Exercise → Exactly as written, output each of the lines below, with no images.

Information supplied →
###

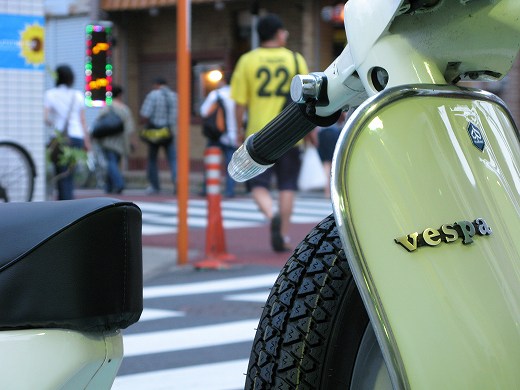 🎽 柏の街角、ベスパ越しに見える人の波とレイソルの試合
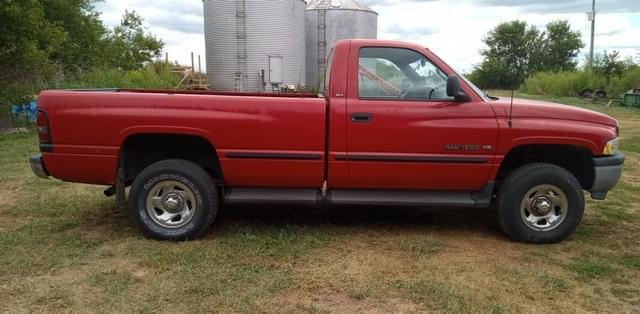 Image of Dodge Ram 1500 equipment image 2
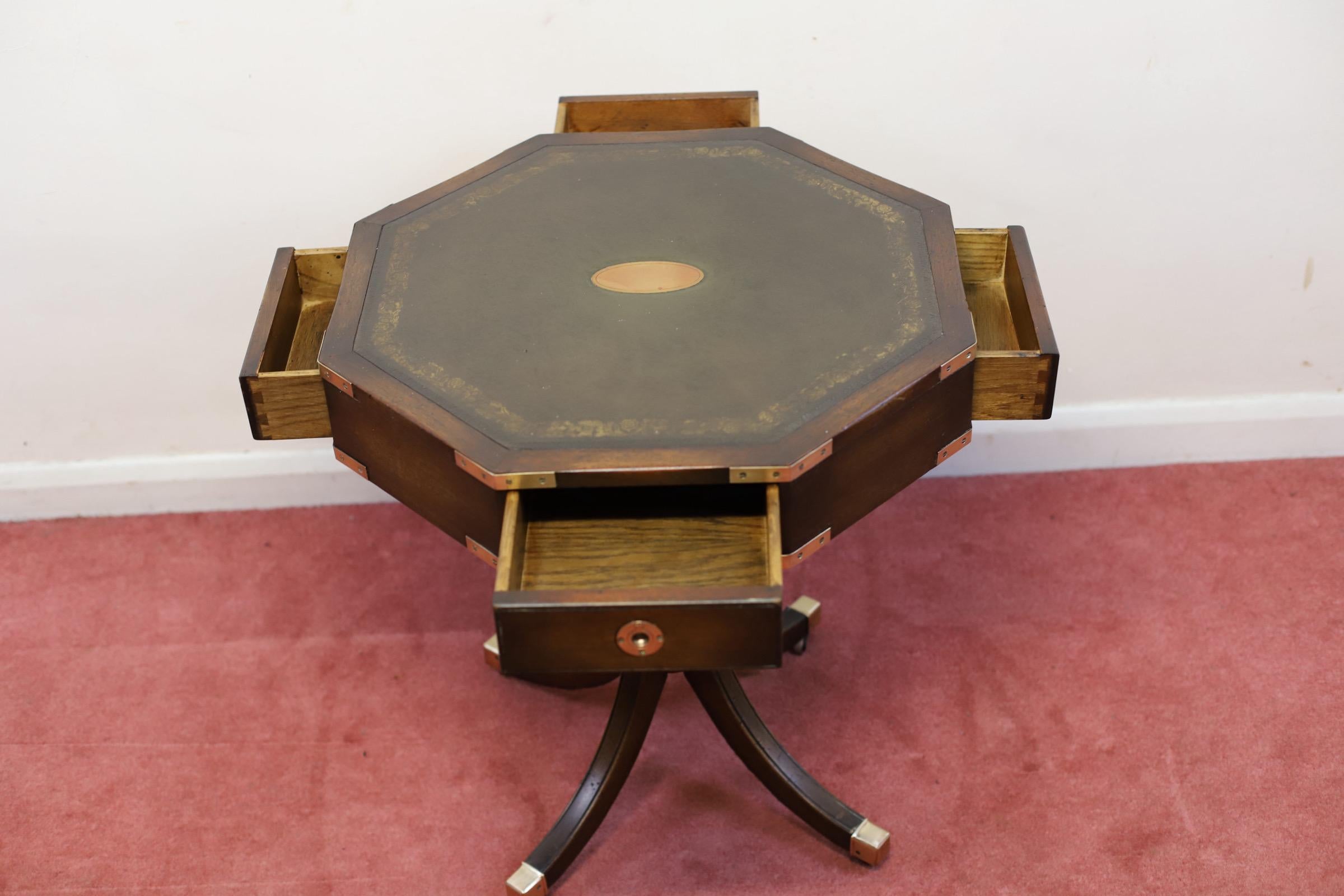 Magnifique table à tambour de style militaire Campaigner  en vente 2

###

Reply to the task →
 🎽 柏の街角、ベスパ越しに見える人の波とレイソルの試合
 Image of Dodge Ram 1500 equipment image 2
 Magnifique table à tambour de style militaire Campaigner  en vente 2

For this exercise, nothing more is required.